Englands Helicon. Or The Muses Harmony … London: Printed for Richard More, and are to be sould at his Shop in S. Dunstanes Church-yard. 1614.
Introduction
The publication of a second edition of Englands Helicon (1614), fourteen years after the first edition, appears to have been prompted by a revival of pastoral poetry in Jacobean England led by a younger generation of self-styled Spenserian poets. The new motto to this edition, ‘The Court of Kings heare no such straines/As daily lull the Rusticke Swaines’, adopts a stylized ‘anti-court’ tone that echoes the mode of vernacular pastoral satire promoted by this new generation of Spenserian poets. The second edition, as a whole, has strong connections with these new Spenserians. On December 20, 1613, John Flasket, the stationer named on the title page of the 1600 edition, transferred his rights in England’s Helicon to Richard More, who promptly reissued the volume (Rollins, II.70).

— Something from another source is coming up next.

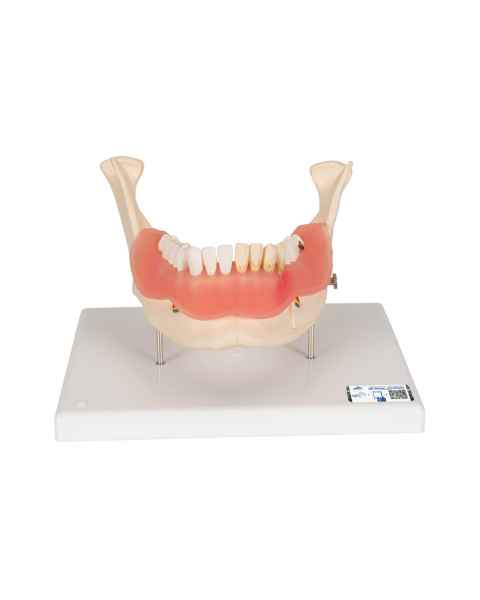 Diseases of the Teeth 21-Part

More removed all of the prefatory material, including the dedication to John Bodenham and Ling’s epistle ‘To the Reader’, and replaced them with a dedicatory poem, signed with his own name, addressed to Lady Elizabeth Cary. Other changes made by More include a new title page, the addition of an index of authors and titles, and the addition of nine new poems. Cary was connected with the Spenserian poets through her tutors, Michael Drayton and John Davies of Hereford. The dedication to Cary suggests that she was chosen as the fit successor to Sidney’s sister, Mary Herbert, Countess of Pembroke, to preside over this revived pastoralism. Cary had recently published her Senecan closet tragedy, The Tragedie of Miriam (1613), which followed in the footsteps of the Countess of Pembroke’s Tragedy of Antonie. The two new poets included in this second edition of Englands Helicon, William Browne and Christopher Brooke, contributed previously unpublished poems, which suggests that they might have been invited by More to contribute to the volume. Browne’s collaborative volume of eclogues, The Shepheards Pipe,which included an eclogue by Brooke, was also published in 1614, and More had published the joint elegies of Brooke and Browne for Prince Henry in the previous year (O’Callaghan, 28-9). It is therefore possible that the collection, with its new paratext, was the product of a collaboration between More, Browne and Brooke (Tylus, 182-3). Alongside the two previously unpublished verses by Browne and Brooke, are seven poems reproduced from Poetical Rhapsody.
Further Reading
L: Harl. 280, fols 99-101. A list of the poems in England’s Helicon, together with their authors, in the hand of Francis Davison, the compiler of Poetical Rhapsody
Michelle O’Callaghan, The Shepheards Nation: Jacobean Spenserians and Early Stuart Political Culture, 1612-25. Oxford: Clarendon Press, 2000.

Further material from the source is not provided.